Professeur Casoli, recréer du collagène, est-ce la science ou de la fiction ?
C'est aujourd'hui une réalité, dont on n'imagine même pas les perspectives !
Quel est le principe ?
Il s'agit de créer des tissus souples collagéniques, à partir de matrices tridimensionnelles collagéniques d'origine animale. Ces matrices sont du pur collagène (type 1) issu de tendons calcanéens de bœufs néo-zélandais.
Pourquoi donc néo-zélandais ?
Parce que la Nouvelle-Zélande a été et est épargnée par toutes les maladies liées au prion (« vache folle ») si bien que tout risque de contamination est écarté, étant entendu que les prélèvements sont de surcroît totalement débarrassés de tous agents pathogènes par procédé chimique.
Ce procédé est-il nouveau ?
Ce principe est utilisé comme couverture de peau sur les grands brûlés depuis les années 80. Lorsque l'on pose ces matrices sur un sujet vivant (homme ou animal), elles entraînent une colonisation et un afflux de cellules dans les mailles du collagène, microporosités dont le calibre est en moyenne de 100 microns. Dans le lit de la plaie, les cellules endothéliales importées (celles qui tapissent la paroi des vaisseaux) et les fibroplastes du patient (cellules qui renouvellent le collagène) sont attirées par ces mailles, et se voient, en quelque sorte, « prises au piège » ; c'est-à-dire qu'elles synthétisent du collagène (type 1 et 3), mais dans un environnement structuré. Elles créent donc un tissu vasculaire au sein de la matrice importée.
Mais étant d'origine animale, cette matrice n'est-elle pas rejetée ?
Justement ! Cet afflux d'origine bovine va disparaître car l'organisme hôte rejette effectivement tout tissu exogène. Donc, on assiste simultanément à l'élaboration de tissu endogène et à la dégradation du tissu collagénique d'origine bovine. Le processus est plus ou moins long, en fonction de différents paramètres, et surtout l'état de vascularisation du lit de régénération (la plaie).
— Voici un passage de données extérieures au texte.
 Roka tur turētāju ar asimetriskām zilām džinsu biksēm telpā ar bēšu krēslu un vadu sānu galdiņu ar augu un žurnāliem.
Suivant le traitement chimique qu'a reçu la matrice; utilisation de GAG – c'est-à-dire un sucre nommé GlycosAminoGlycane – qui permet de réticuler (structurer) le collagène et ainsi de donner une stabilité de la matrice. Elle conserve sa structure assez longtemps.
- Matrice avec des GAG (utilisées en clinique depuis les années 80). C'est Intégra®.
- Matrice sans GAG (utilisé en clinique depuis 2004) qui va se déliter beaucoup plus rapidement. C'est le cas de Matriderm®.
Ces deux produits fabriquent donc le tissu collagénique vascularisé.
Par ailleurs jusqu'à ce jour aucune réaction immunologique n'a été décrite dans la littérature.
Une fois ces « matrices tridimensionnelles » transplantées à l'endroit désiré, que se passe-t-il ?
Le collagène est rapidement vascularisé et fait de facto partie intrinsèque du receveur. Cette fabrication de tissu collagénique est constatée aisément à l'histologie ou en imagerie. Il agit déjà en tant que première couverture chez le patient brûlé. Lorsque cette matrice est utilisée pour reconstruire la peau sur ce collagène bovin, est associée une couche de silicone que l'on ôte lorsque le collagène est régénéré. L'épiderme « temporaire » (la feuille de silicone), est donc remplacé par greffe de peau ultra fine au même endroit.
Suivant la qualité vasculaire du sous-sol, le néo collagène va mettre entre dix jours et un mois pour se régénérer.
Quelles sont les nouvelles applications de cette technique ?
La création au laboratoire d'un véritable tissu cutané complet par régénération collagénique (en associant des cellules cutanées dans la matrice collagénique) ouvre le champ à d'immenses perspectives.
En plus des applications devenues classiques (brûlés ou chirurgie de reconstruction des pertes de substances), nous avons récemment utilisé ce principe comme facteur de croissance vasculaire, pour la reconstruction, le resurfaçage ou le comblement des pertes de substance. On découvre en fait un nouveau type de transplant tissulaire : les lambeaux libres préfabriqués collagéniques.